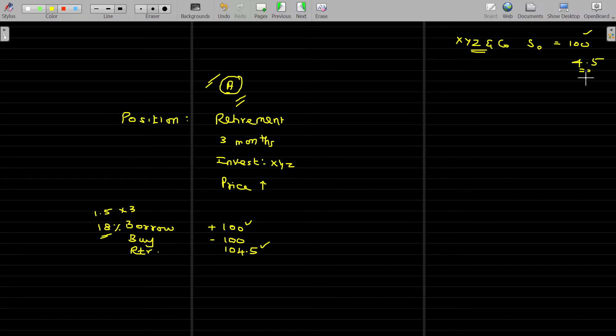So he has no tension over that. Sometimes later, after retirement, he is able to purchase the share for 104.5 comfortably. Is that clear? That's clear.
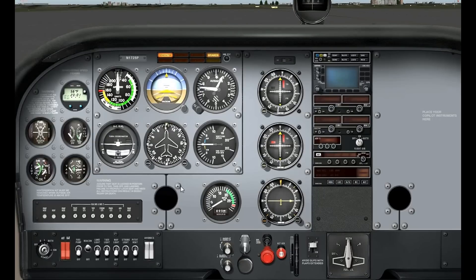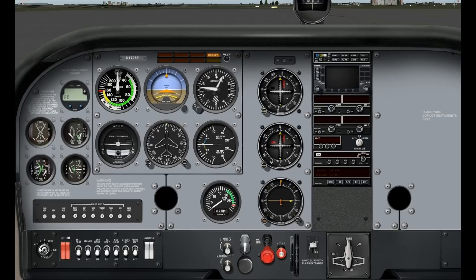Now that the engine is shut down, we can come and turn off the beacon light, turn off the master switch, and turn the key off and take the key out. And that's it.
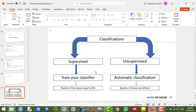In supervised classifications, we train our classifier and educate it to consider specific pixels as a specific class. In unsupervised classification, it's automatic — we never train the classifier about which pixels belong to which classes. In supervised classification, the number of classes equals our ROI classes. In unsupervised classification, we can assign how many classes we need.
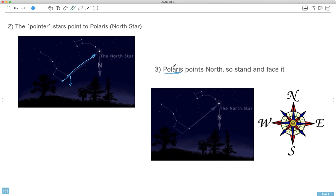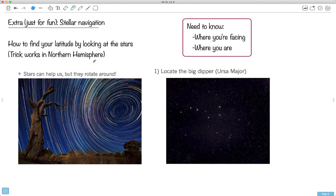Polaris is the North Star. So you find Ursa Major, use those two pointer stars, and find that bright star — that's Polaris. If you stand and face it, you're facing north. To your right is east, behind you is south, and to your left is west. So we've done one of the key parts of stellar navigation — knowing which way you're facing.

----

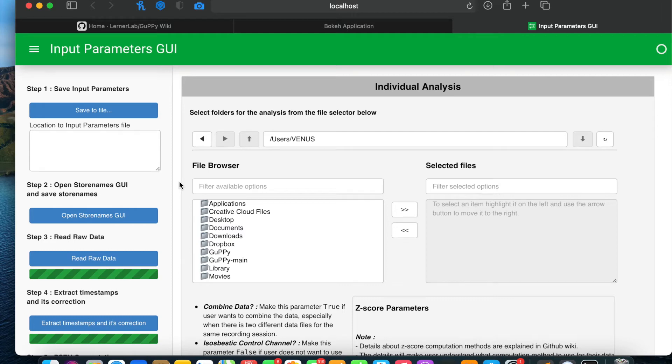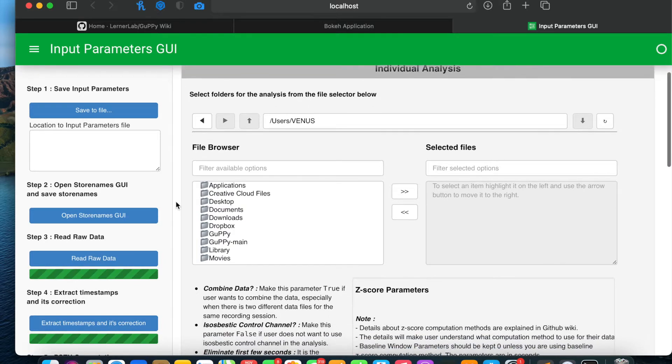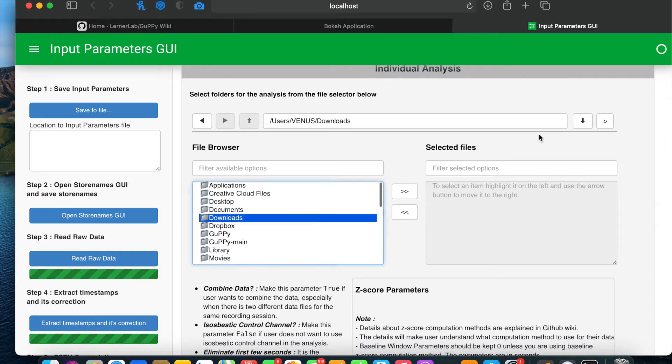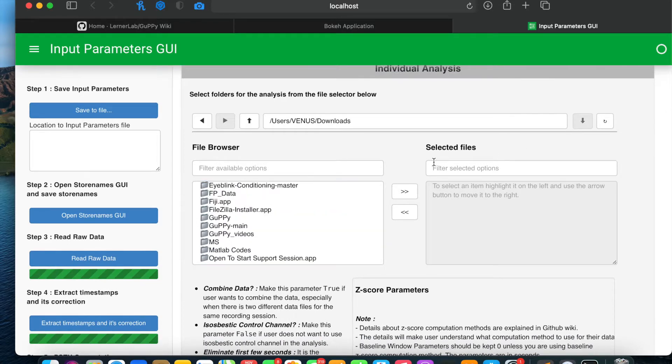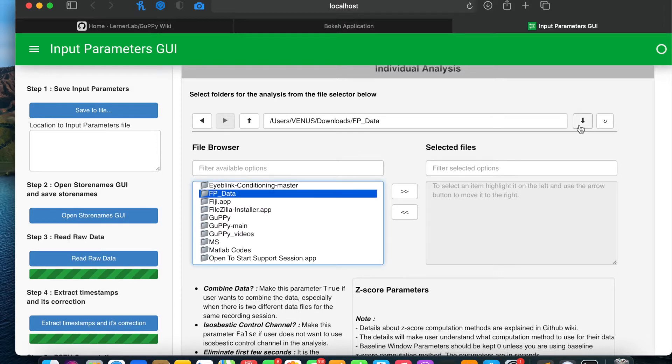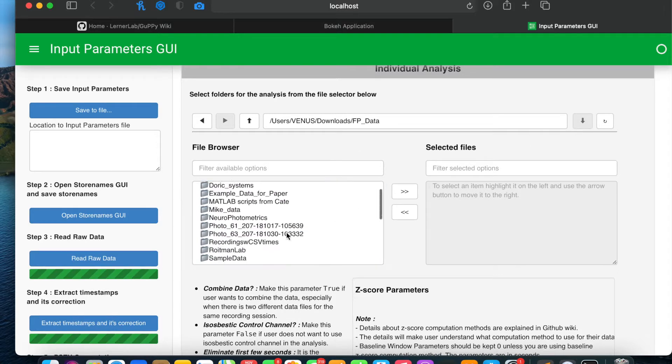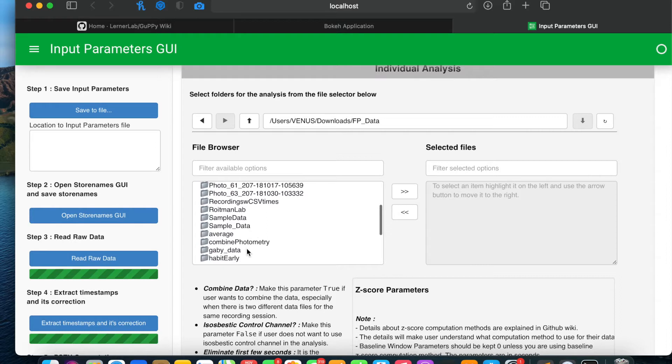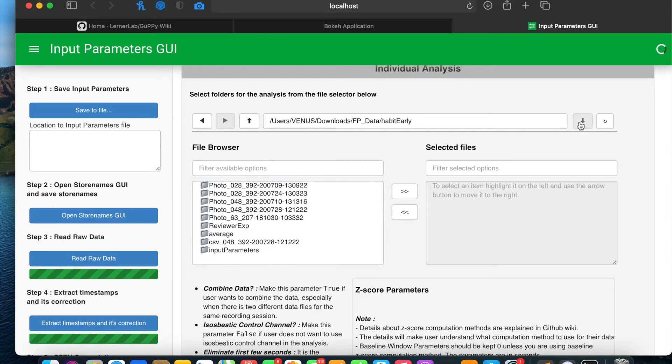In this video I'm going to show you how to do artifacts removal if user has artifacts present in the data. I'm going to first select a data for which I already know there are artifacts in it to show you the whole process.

----

#### Assignment:
Working from the entries above, please transcribe only the lines from the line with "So he has no" through the line with "Polaris is the", exactly, with both end lines and without pictures.

#### Answer to this task:
So he has no tension over that. Sometimes later, after retirement, he is able to purchase the share for 104.5 comfortably. Is that clear? That's clear.
Now that the engine is shut down, we can come and turn off the beacon light, turn off the master switch, and turn the key off and take the key out. And that's it.
In supervised classifications, we train our classifier and educate it to consider specific pixels as a specific class. In unsupervised classification, it's automatic — we never train the classifier about which pixels belong to which classes. In supervised classification, the number of classes equals our ROI classes. In unsupervised classification, we can assign how many classes we need.
Polaris is the North Star. So you find Ursa Major, use those two pointer stars, and find that bright star — that's Polaris. If you stand and face it, you're facing north. To your right is east, behind you is south, and to your left is west. So we've done one of the key parts of stellar navigation — knowing which way you're facing.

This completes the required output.